◆ **Work request**: Pull every line holding the word "Miami" out of the data and copy it.

◆ **Crawled caption data**:
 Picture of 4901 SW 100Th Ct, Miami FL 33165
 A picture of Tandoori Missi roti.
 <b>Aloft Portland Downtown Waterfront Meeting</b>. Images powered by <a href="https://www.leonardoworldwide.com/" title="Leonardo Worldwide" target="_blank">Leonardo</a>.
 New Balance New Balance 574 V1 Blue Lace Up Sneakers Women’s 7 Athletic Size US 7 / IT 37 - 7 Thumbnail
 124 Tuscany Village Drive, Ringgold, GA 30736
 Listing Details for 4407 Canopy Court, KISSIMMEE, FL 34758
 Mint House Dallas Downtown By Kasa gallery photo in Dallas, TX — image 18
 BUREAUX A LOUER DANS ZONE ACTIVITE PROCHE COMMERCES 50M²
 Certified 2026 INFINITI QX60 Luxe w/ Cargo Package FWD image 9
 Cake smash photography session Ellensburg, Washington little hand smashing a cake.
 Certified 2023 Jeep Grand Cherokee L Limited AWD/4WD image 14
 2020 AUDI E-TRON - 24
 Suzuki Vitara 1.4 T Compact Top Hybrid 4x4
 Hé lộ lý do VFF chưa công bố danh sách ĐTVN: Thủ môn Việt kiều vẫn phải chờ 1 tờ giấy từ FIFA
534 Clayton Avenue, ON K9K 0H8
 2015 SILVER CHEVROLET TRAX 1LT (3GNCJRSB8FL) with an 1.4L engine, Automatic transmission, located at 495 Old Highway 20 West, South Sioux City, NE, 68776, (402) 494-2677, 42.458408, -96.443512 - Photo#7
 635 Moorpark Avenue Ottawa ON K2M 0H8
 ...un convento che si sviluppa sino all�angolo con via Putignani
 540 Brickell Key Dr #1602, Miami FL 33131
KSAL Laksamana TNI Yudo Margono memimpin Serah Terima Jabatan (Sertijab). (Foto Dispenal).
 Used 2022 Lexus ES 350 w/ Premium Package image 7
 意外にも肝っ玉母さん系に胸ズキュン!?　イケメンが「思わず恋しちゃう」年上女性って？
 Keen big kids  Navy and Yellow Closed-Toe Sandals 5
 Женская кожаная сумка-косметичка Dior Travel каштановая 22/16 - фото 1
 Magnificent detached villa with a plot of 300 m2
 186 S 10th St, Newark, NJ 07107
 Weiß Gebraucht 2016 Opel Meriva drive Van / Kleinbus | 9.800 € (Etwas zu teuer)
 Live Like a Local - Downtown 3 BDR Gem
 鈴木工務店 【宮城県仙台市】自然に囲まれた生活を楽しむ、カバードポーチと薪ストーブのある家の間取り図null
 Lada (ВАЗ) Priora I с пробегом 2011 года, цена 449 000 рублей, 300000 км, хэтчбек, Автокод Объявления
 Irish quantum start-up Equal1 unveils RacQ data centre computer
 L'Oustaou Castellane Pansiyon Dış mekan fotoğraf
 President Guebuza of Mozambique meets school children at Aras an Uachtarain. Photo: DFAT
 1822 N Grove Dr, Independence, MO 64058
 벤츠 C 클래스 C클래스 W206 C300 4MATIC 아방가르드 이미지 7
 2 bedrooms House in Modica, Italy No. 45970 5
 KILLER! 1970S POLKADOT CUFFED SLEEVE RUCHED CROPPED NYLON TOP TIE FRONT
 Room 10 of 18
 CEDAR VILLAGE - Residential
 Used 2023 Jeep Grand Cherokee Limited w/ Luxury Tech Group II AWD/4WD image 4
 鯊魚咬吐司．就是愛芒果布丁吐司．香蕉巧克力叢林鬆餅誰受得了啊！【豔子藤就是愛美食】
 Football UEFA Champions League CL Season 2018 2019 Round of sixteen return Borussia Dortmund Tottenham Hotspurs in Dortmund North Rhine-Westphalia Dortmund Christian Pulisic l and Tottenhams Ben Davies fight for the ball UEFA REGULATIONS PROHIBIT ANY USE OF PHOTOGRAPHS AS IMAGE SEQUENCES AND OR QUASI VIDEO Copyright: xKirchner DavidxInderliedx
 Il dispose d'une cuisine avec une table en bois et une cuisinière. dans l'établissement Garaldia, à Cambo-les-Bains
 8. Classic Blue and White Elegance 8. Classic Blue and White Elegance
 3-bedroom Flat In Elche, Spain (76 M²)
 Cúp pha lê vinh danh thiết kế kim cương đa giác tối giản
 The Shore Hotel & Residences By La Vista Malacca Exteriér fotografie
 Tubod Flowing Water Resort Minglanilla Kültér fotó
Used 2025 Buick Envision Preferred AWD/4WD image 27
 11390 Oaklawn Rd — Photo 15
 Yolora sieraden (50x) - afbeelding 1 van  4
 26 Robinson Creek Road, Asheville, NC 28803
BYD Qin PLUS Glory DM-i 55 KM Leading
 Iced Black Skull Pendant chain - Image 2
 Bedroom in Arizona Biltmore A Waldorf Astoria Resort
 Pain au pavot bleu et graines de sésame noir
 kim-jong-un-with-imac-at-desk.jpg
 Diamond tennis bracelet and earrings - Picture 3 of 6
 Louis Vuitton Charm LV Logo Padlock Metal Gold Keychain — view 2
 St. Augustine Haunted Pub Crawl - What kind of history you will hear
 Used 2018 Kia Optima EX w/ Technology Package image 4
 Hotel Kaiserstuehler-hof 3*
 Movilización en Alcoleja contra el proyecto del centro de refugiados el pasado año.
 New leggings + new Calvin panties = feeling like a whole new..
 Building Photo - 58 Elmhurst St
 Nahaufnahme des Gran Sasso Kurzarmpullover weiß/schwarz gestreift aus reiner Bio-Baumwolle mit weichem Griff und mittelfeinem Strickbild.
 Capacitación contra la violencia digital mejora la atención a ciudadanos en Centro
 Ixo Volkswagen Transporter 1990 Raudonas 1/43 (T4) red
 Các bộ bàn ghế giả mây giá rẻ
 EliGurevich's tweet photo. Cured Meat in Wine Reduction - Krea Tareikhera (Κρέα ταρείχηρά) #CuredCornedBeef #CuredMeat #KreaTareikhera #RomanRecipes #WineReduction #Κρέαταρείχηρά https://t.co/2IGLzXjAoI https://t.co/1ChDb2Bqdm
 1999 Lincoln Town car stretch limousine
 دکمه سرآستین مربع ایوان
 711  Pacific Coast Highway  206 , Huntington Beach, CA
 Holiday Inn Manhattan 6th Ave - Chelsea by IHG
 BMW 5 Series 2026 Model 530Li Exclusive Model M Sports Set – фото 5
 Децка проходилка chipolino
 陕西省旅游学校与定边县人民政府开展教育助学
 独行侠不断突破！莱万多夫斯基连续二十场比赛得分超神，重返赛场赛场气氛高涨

◆ **Final answer**:
 Picture of 4901 SW 100Th Ct, Miami FL 33165
 540 Brickell Key Dr #1602, Miami FL 33131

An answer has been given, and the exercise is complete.